Bullet weight is something hunters have argued over since bullets were round balls. The general consensus has been that heavier bullets are better. Funny, this logic has never applied to supermodels.
A deer hunter going elk hunting might think that because elk are bigger than deer, that he or she needs a bigger (heavier) bullet. This reasoning seems to be based on sound logic, but in truth what seems like sound logic doesn’t always represent ballistic truth.
Let’s look at the 308 Winchester to get a better understanding of the importance of bullet weight. The 308 Winchester will launch a 125-grain bullet at about 3,200 fps, a 165-grain bullet at about 2,800 fps, and a 180-grain at around 2,600 fps. Right off, you can see that heavier bullets start out at a disadvantage. For example, for a 32 percent grain increase in bullet weight, you must give up about 13 percent in velocity.
Ironically, in many cases the heavier bullet will have better external ballistics because of its high ballistic coefficient. On the other hand, the heavier bullet might not provide the dynamic tissue destruction you’re looking for on impact.
For most cartridges, the answer isn’t a heavy or a light bullet, but a bullet weighing somewhere in between. For big game hunting with common big game cartridges, the mid-range bullets generally provide the best balance of external and terminal ballistics. Let’s look at the 308 Winchester again and compare the external ballistics of a 125-, 165-, and 180-grain Nosler Ballistic Tip bullet out to 400 yards:
Bullet 200 yards 300 yards 400 yards
125 grain 2677/1989/-2.6 2438/1649/-10 2211/1356/-23.3
165 grain 2426/2156/-3.6 2251/1856/-13.2 2082/1588/-29.6
180 grain 2264/2048/-4.4 2105/1771/-15.6 1953/1525/-34.7
As you can see, even though the 125-grain bullet strikes with more velocity at 400 yards, it impacts with less energy than the two heavier bullets. At every distance the 165-grain bullet is traveling faster and hits harder than the 180. It also has more energy at every distance than the 125-grain bullet, with only a minimal increase in bullet drop.
Some will quickly point out that the 180-grain bullet has the highest sectional density (SD). Sectional density is the relationship of a bullet’s weight to its diameter, and many hunters think this is a magical number that indicates penetration ability.
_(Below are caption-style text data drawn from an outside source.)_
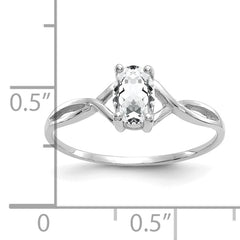 14k White Gold White Topaz Birthstone Ring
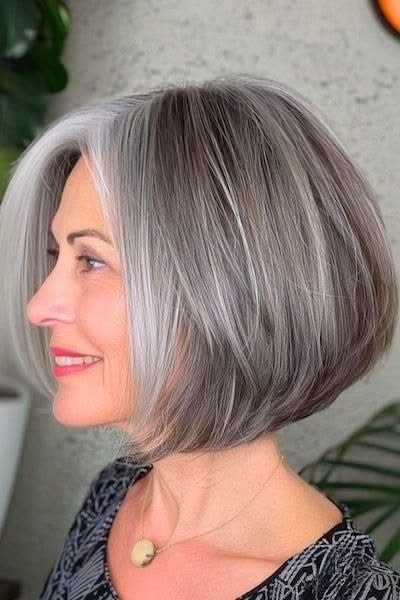 Stacked Grey Bob - grey hairstyle for women over 60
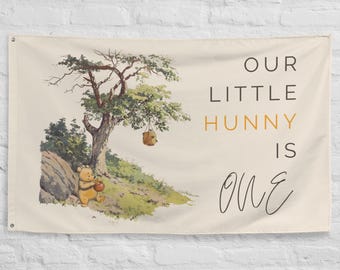 Winnie the Pooh 1st Birthday Banner: Neutral Hunny Bear Party Decor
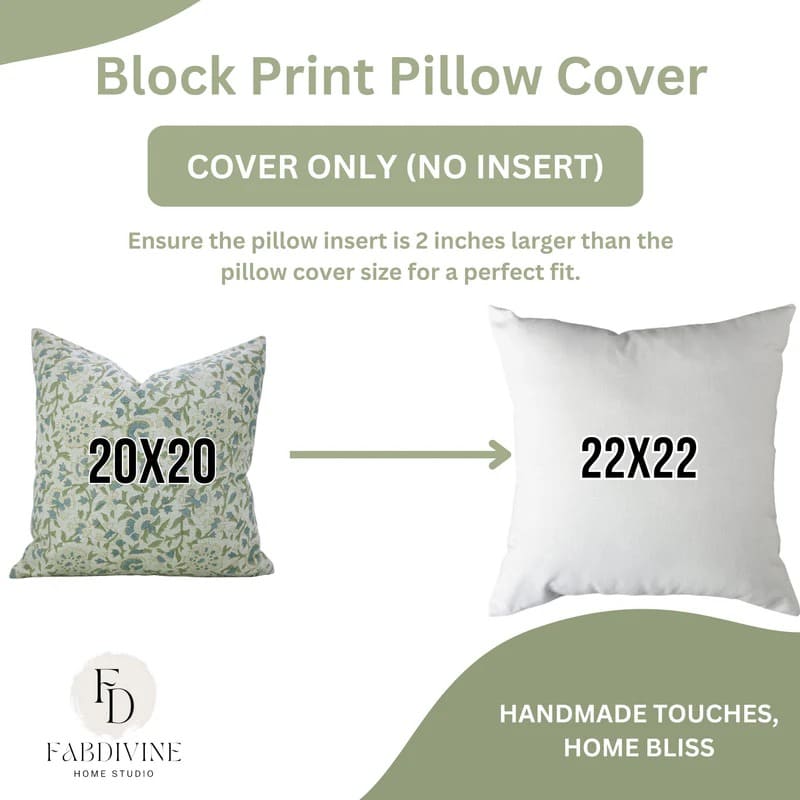 Summer throw pillow covers with hand block print motifs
As far as expanding bullets are concerned, this is a myth because once the bullet begins to deform, its sectional density drastically changes with the bullet’s shape.
Terminal performance testing – shooting bullets into a test medium – is a better way to compare how the different bullet weights stack up. I tested a 150-grain Sierra ProHunter bullet (SD: .226) and a 180-grain Sierra ProHunter (SD: .271) out of a 308 Winchester. Muzzle velocities were 2,590 and 2,450 fps, respectively. The heavier bullet penetrated 8 percent deeper, but the wound cavity was 18 percent smaller.
In another test out of a 308 Winchester, a 150-grain Barnes Triple Shock bullet (SD: .226) penetrated 9 percent more than a 168-grain Triple Shock (SD: .253), thus illustrating that sectional density isn’t a reliable predictor of penetration; impact velocity and bullet construction determine terminal performance. For most common big game applications, select a mid-weight bullet for a better balance of external and terminal performance.